Some people might dub Working Girl a Cinderella story, but it’s not. Tess works and strives for every single thing she has. She knows her stuff, she’s aware of the stakes, and she plays their game. And she wins. “You can bend the rules plenty once you get to the top, but not while you’re trying to get there. And if you’re someone like me, you can’t get there without bending the rules.” It’s a gamble, but it pays off in spades. She gets the better of Katharine’s “bony ass,” she gets the guy who is WAY BETTER BY LIKE A MILLION TIMES than the disconcertingly hairy guy she was with before, and she even gets a much better position than she thought when Oren Trask (Philip Bosco) offers her a job at his office. And she never once had to prostitute herself.

It kind of makes you want to sing a soaring Carly Simon song, doesn’t it?

Working Girl

MY MOVIE SHELF: Suspect

movie shelf

 

The Task: Watch and write about every movie on my shelf, in order (Blu-rays are sorted after DVDs), by June 10, 2015.  Remaining movies: 162  Days to go: 115

Movie #276:  Suspect

I love it when my kids watch these movies with me. Tonight my son sat down for Suspect, and he’s the exact age I was when it came out. It’s funny to me the ways in which our initial impressions were eerily similar. Are movie watching habits/preferences hereditary?

He kept being struck by the music in this one. Being a murder mystery, Suspect is filled with striking, dramatic music with ominous tones and startling crescendos. They did not underplay their hand on this one, is what I’m saying. I remember being just as affected when I was younger, finding the whole thing a lot more gruesome and terrifying than it perhaps is.

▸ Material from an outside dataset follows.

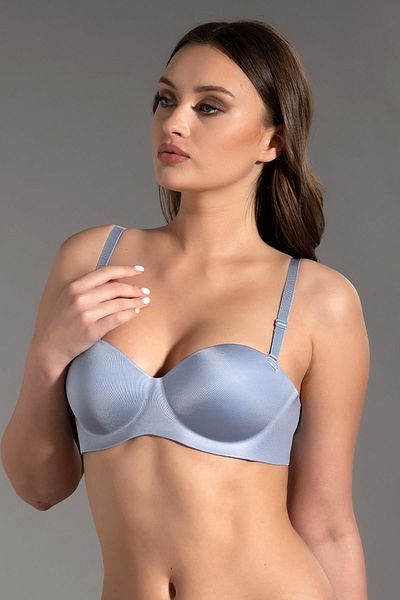 cotonhause Sutien de damă fără bretele Lotus cu tăiere cu laser cupa goală albastru336050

Suspect is the story of a murdered law clerk and the deaf-mute homeless man (Liam Neeson as Carl Wayne Anderson, showing an aptitude for punching things well before it became his vocation) on trial for the crime. His put-upon public defender is Kathleen Riley (Cher) who winds up illegally working with lobbyist Eddie Sanger (Dennis Quaid) — a smooth-talking sly fox who gets sort of cornered into jury duty on Kathleen’s case by way of sexy banter– to find the real killer and the underlying conspiracy that led to it. The movie is tense and puzzling and the final showdown is incredibly satisfying, as well as being a surprising revelation. I’ve seen it a dozen times, at least, and I never get tired of it.

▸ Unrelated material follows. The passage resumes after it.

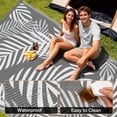 thumbnail image 4 of Kohree Outdoor Plastic Straw Rug 8'x10' ,Waterproof Mat with 4 Corner Loops Indoor Outdoor for RV, Camping, Deck ,Balcony (Palm leaves-Green), 4 of 10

First and foremost, I can’t possibly emphasize enough how much of a sweater and jacket game both Cher and Dennis Quaid are bringing to this party. She’s got warm, comfy sweaters she lounges around reading case files in, big chunky bold print sweaters for looking chic but casual at the office, and gorgeous midi-length sweater dresses with pockets for conveniently hiding secretly delivered keys. To say nothing of her shearling-lined coat she wears with a jaunty beret or the smartly cropped black leather number she sports in the final scene. Dennis Quaid, meanwhile, has chunky fisherman’s cable knits for days, which he pairs with upscale leather bomber jackets in a combination thick enough to save his life from a maniac wielding a straight razor. Sad it no doubt got ruined by the cut and all the blood, though when he takes it off it’s “Hello abs!”

Supporting turns come by Philip Bosco as the maybe-underhanded District Attorney Paul Gray, Joe Mantegna as the ruthless, arrogant and snide prosecutor Charlie Stella, and an unfortunately-coiffed John Mahoney as the having-none-of-Kathleen’s-shit Judge Helms. One or more of them are onto her.

The movie’s tangential attempts at a little social commentary by way of Carl’s afflictions are pretty half-assed and ineffective, and I must admit I keep wondering if maybe the writers made him a deaf-mute just because Liam Neeson is this awesome, imposing figure to look at but his accent was too strong at the time. It was 1987, after all. It seems plausible to me.

Still, like I said, the central mystery is satisfying and the chemistry between the two leads is surprisingly potent. Quaid was at the peak of his sex-appeal in this era, and Cher has this awesome, reluctant but enthusiastic laugh to close the film that you just know is accompanied by some serious frisky activities behind her closed office door. Seems like good old Kathleen Riley won’t be feeling so put-upon anymore.